→ **Problem to solve**
What you return must match the records below exactly, apart from the omitted pictures.

→ **Captioned web images**
::::::::

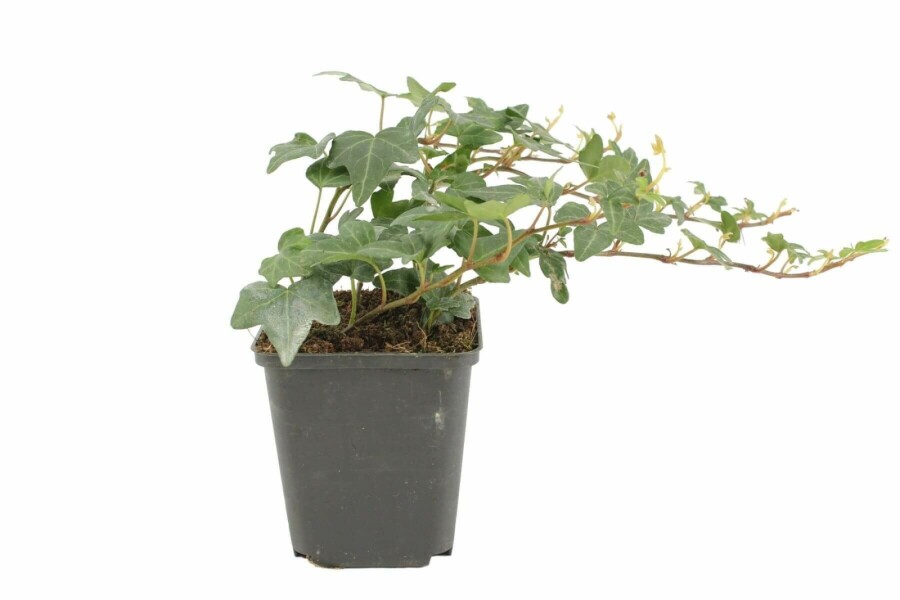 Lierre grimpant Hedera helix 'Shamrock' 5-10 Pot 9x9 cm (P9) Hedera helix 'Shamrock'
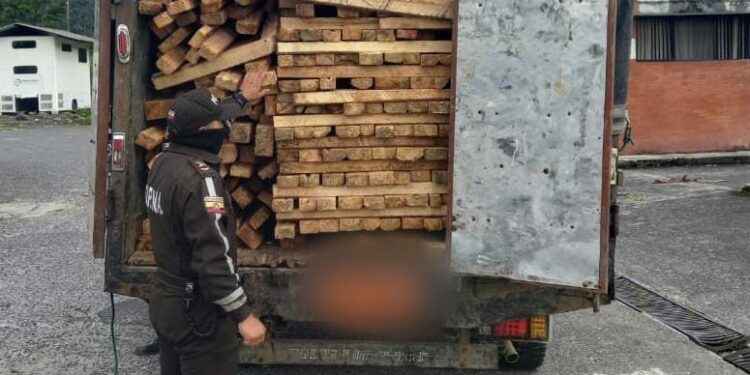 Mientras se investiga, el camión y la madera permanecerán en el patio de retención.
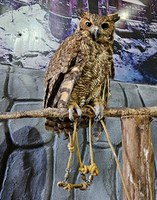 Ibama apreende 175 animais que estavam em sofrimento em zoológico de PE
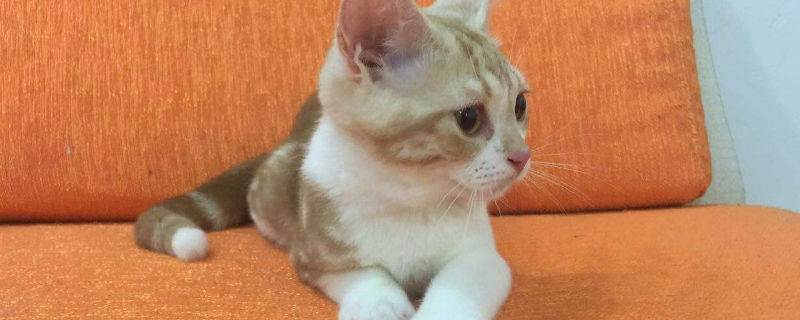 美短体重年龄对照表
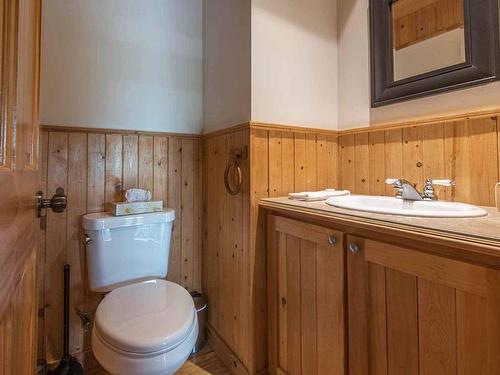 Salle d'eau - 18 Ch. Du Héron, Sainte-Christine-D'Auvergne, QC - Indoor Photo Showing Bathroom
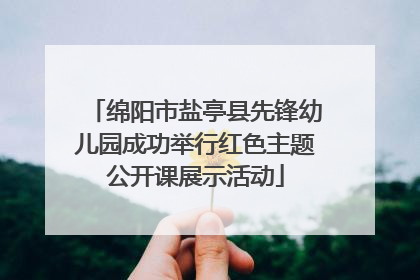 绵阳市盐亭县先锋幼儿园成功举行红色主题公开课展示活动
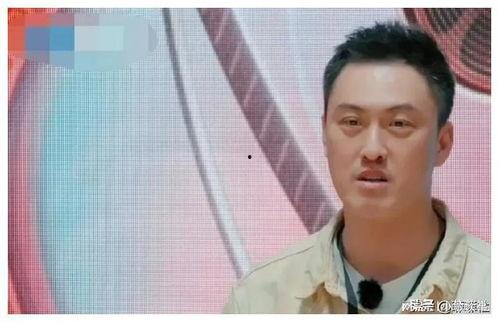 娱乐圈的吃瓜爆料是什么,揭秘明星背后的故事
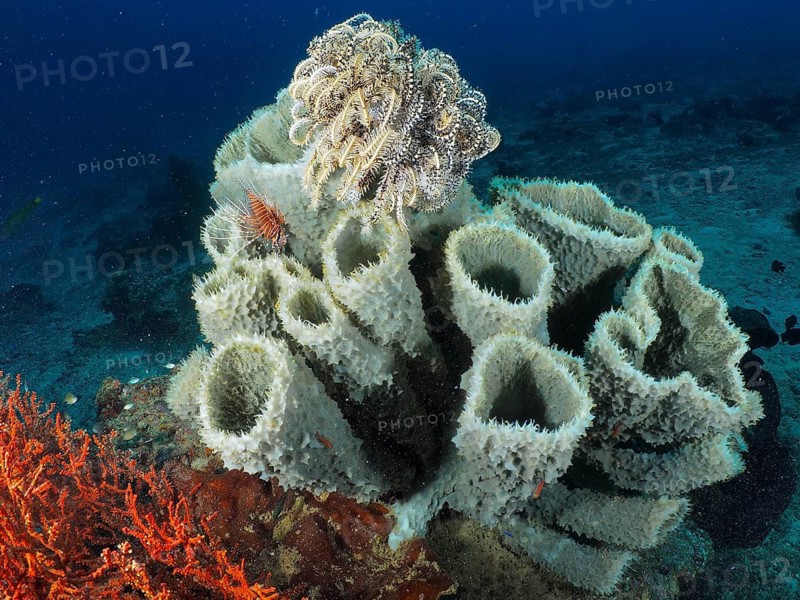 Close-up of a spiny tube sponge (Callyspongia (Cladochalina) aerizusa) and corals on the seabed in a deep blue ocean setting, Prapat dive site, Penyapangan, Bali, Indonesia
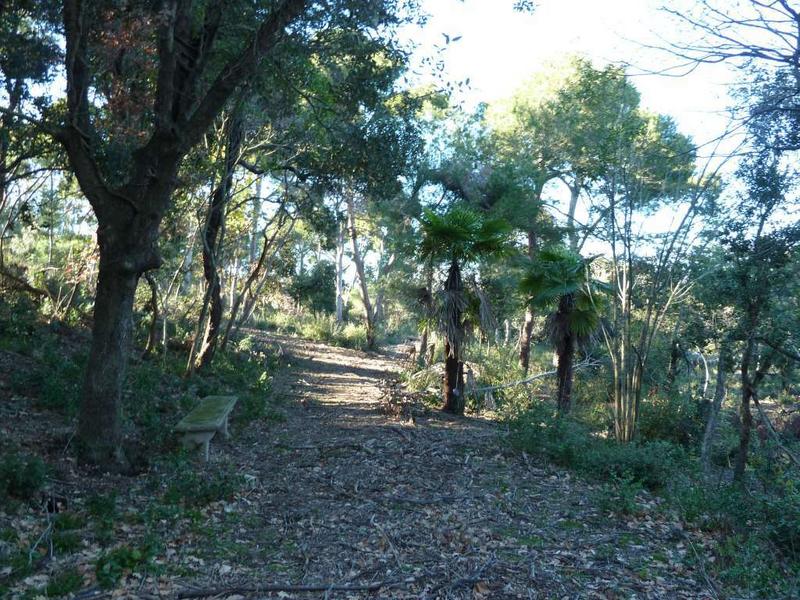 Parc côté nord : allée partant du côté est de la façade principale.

::::::::

→ **Response to the exercise**
 Lierre grimpant Hedera helix 'Shamrock' 5-10 Pot 9x9 cm (P9) Hedera helix 'Shamrock'
 Mientras se investiga, el camión y la madera permanecerán en el patio de retención.
 Ibama apreende 175 animais que estavam em sofrimento em zoológico de PE
 美短体重年龄对照表
 Salle d'eau - 18 Ch. Du Héron, Sainte-Christine-D'Auvergne, QC - Indoor Photo Showing Bathroom
 绵阳市盐亭县先锋幼儿园成功举行红色主题公开课展示活动
 娱乐圈的吃瓜爆料是什么,揭秘明星背后的故事
 Close-up of a spiny tube sponge (Callyspongia (Cladochalina) aerizusa) and corals on the seabed in a deep blue ocean setting, Prapat dive site, Penyapangan, Bali, Indonesia
 Parc côté nord : allée partant du côté est de la façade principale.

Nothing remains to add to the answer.